Key words: astrometry - stars: low mass, brown dwarfs

1 Introduction

Proper motion surveys provide a wealth of information for the study of Low Mass Stars and Brown Dwarfs. Firstly studies of the Luminosity Function (and hence Mass Function, birthrate and space density) require large, clean samples of cool objects. Proper motion surveys provide this by allowing the easy exclusion of distant, intrinsically bright contaminants such giants. Secondly they can also identify common proper motion binaries. The make-up of these systems (and of their individual components) can provide interesting insights, not only into multiplicity, but into the star formation processes that created them (Burgasser et al. 2005).

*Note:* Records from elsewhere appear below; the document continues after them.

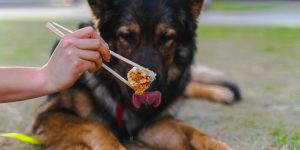 dog cake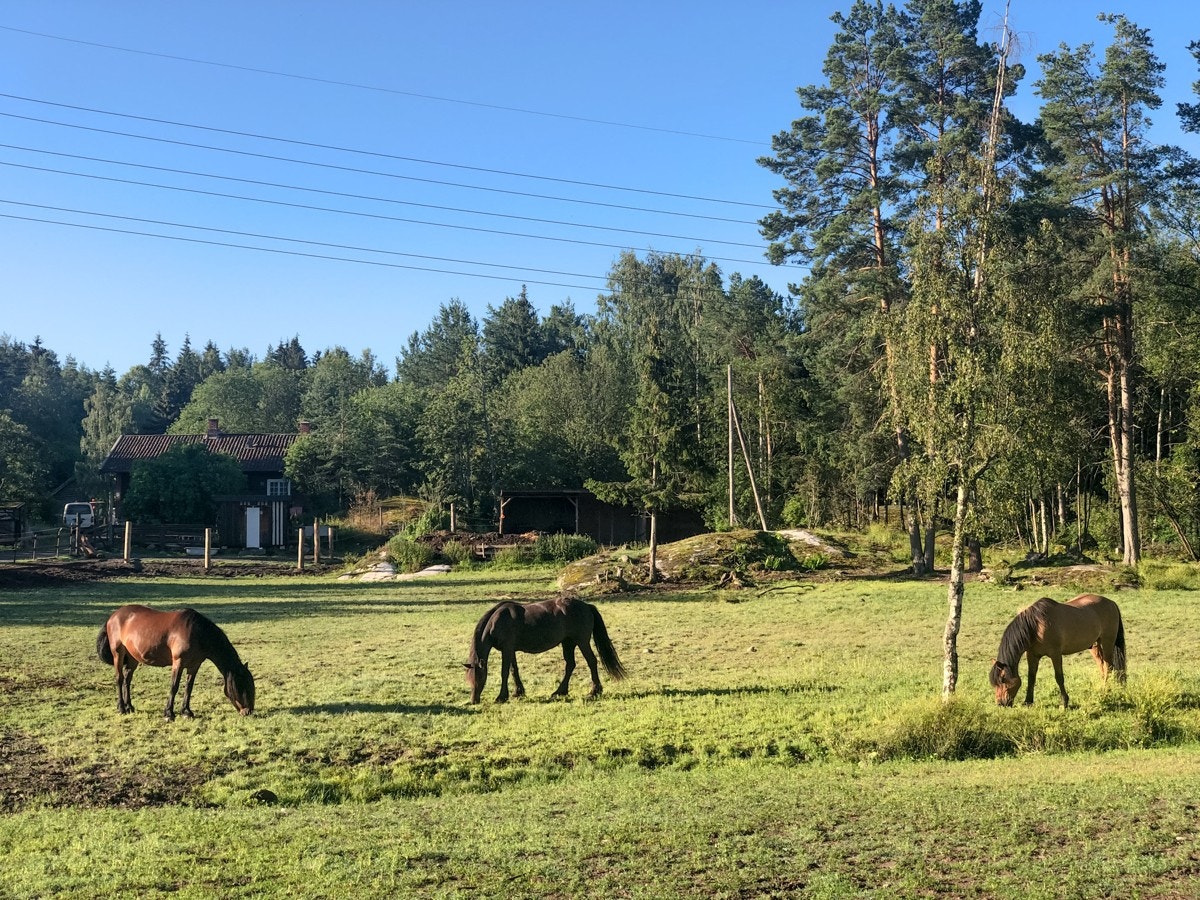 Kun få meter fra huset finner du Grønliåsen med turløyper/lysløype. Her er det også en gård med hester som barna får lov å hilse på. Galleribilde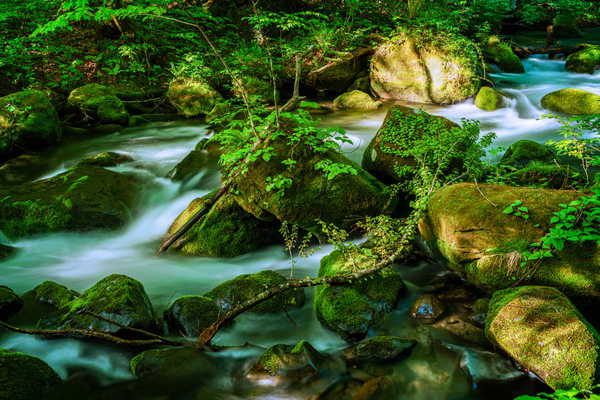 poster pemandangan alam gunung Japan Stones Oirase Mountain Stream Towada Stream 1Z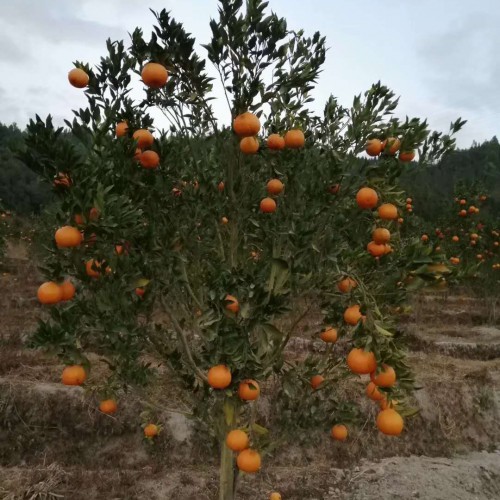 沙糖桔一般什么時候栽種？促花技術性關鍵點有什么？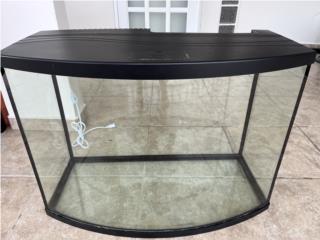 Pecera Bow Front
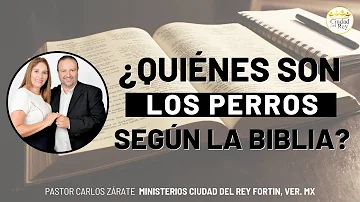 ¿Se menciona al perro galgo en la Biblia?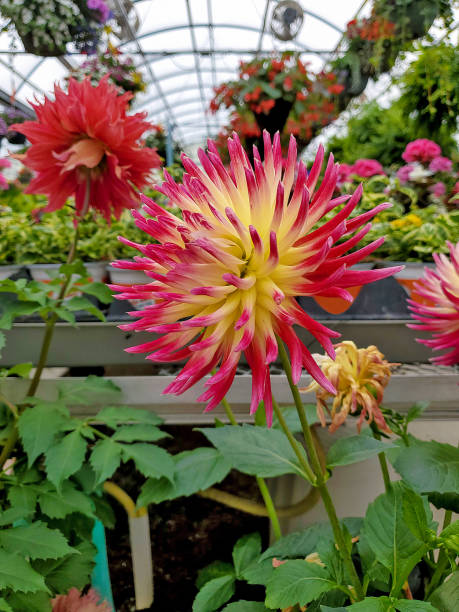 istock red and yellow spiky dahlia 1148024227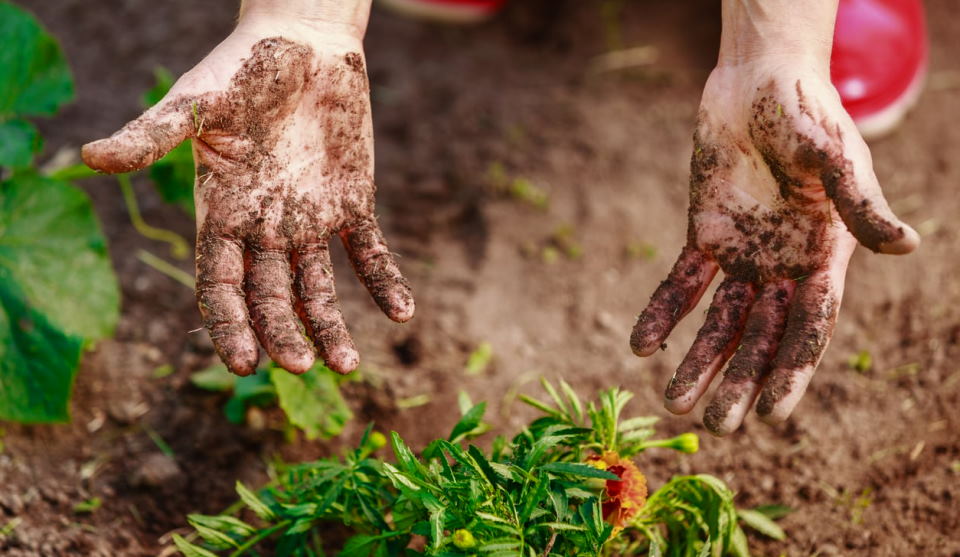 protect your hands while gardening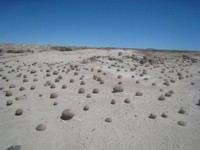 Ischigulasto - Valle de la luna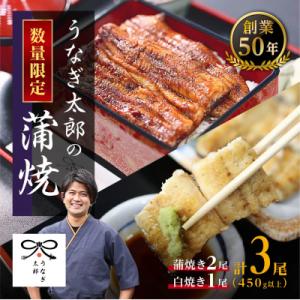 ふるさと納税 大崎町 【蒲焼き2尾　白焼き1尾　計3尾セット】創業50年・職人による手焼き　大隅産う...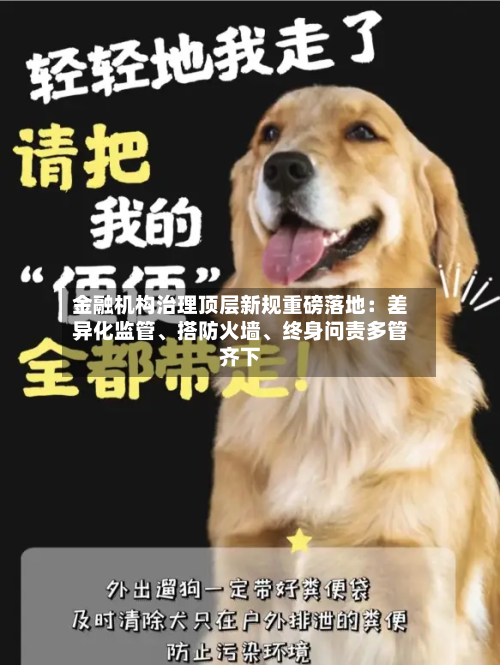 金融机构治理顶层新规重磅落地：差异化监管、搭防火墙、终身问责多管齐下-第2张图片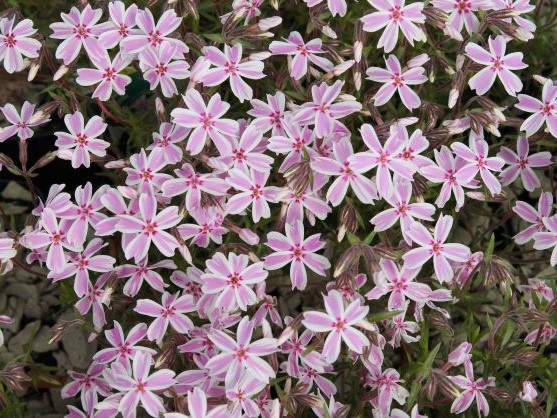 PHLOX SUB. CANDY STRIPES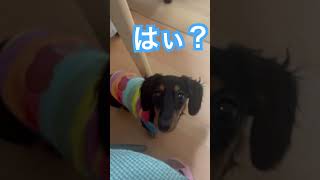 何言ってるの？おかあさん？#shorts#首傾げる犬#カニヘンダックス#癒し#可愛い#犬の気持ち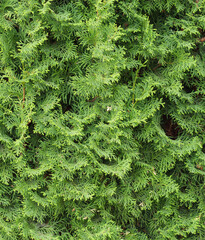 Thuja hedge texture. Arborvitae plant pattern. Gardening hedge background
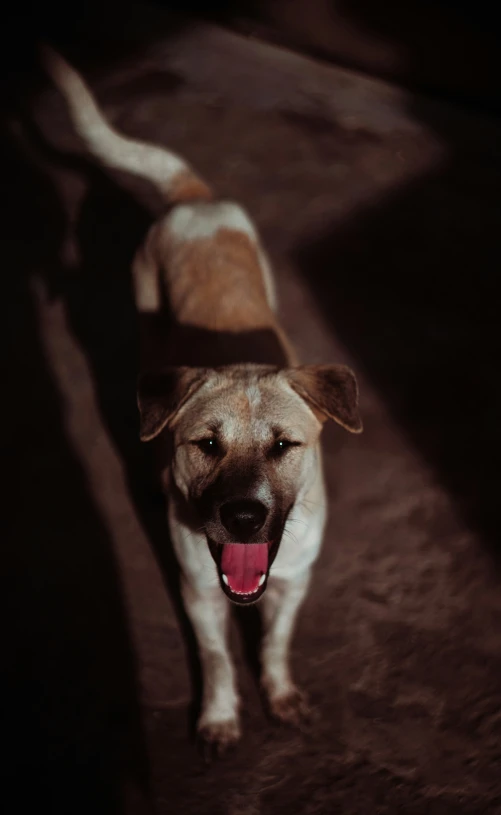 an adorable tan dog standing on top of a dirt field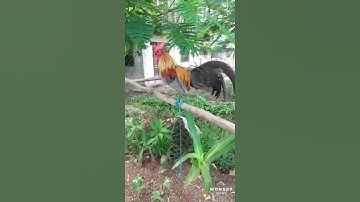 Noob qaib dib tuaj zoo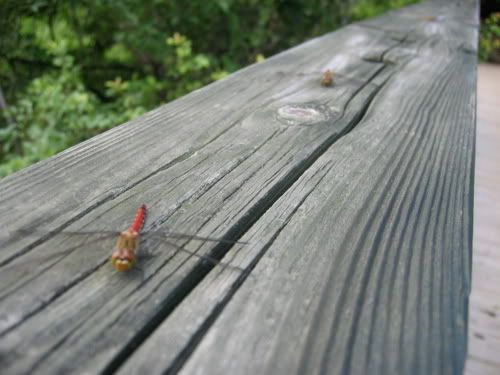3匹の赤とんぼが等間隔に整列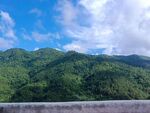 风景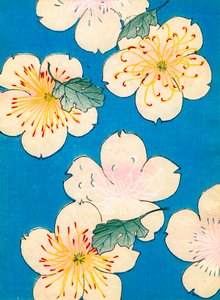 Colour Woodblock Print of Dogwood Blossoms by Japanese School
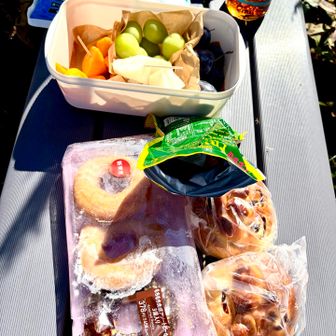 つつじ山でモゴモゴたいむ🍐🍇🥝🍩🥯
ココでもまったりおしゃべりです♪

In Deacon et al. (2005) (hereafter DHC) we combined J, H, and $K_{\rm S}$ data from the 2MASS survey with IN data from SuperCOSMOS (Hambly et al. 2001) scans of UKST plates to produce an infrared proper motion survey (SIPS) with a lower proper motion limit of half an arcsecond a year. Using such an infrared proper motion survey allowed us to study low mass stars and Brown Dwarfs in the passbands in which they are brightest. This yielded approximately 70 new high proper motion objects. While many of these objects were interesting in themselves, it was clear that a reduction in the lower proper motion limit (and hence an increase in the number of objects detected) was required to produce a significant sample. Henced we have produced a survey with a lower proper motion limit of 0.1''/yr. For the sake of comparison with SIPS I (DHC) we take the maximum proper motion of our sample to be 0.5/yr, although there will be a number of objects which spill over this limit.

The majority of current proper motion surveys have focussed on identifying objects with high proper motions. Many, such as Lepine & Shara (2002), have proper motion limits well above our maximum proper motion limit of 0.5''/yr. Others (Scholz et al. 2002; Subasavage et al. 2005; Lepine 2005) have lower limits of 0.45-0.4''/yr, just encroching on the region covered by our sample. Of those which go to lower limits two, Ruiz et al. (2001) and Wroblewski & Costa (2001), are limited in the areas of sky they cover. This leaves only three surveys which cover the majority of the southern hemisphere to lower proper motion limits comparable to ours: Luyten's New Luyten Two Tenths catalogue (NLTT, Luyten 1979b), Pokorny et al.'s (2003) Liverpool-Edinburgh High Proper Motion survey (LEHPM) and Finch et al. (2007). Both Luyten and Pokorny have lower proper motion limits of 0.2''/yr, however Luyten's survey is incomplete below $\delta=-30^\circ$. The survey by Finch et al. (2007) expands the work done by Subasavage et al. (2005) to a lower proper motion limit of 0.18''/yr. This survey covers the area south of $\delta=47^{\circ}$, i.e. the area where Luyten's surveys are most incomplete. Many of the objects identified here are also present in this study. All of these surveys primarily make use of optical data.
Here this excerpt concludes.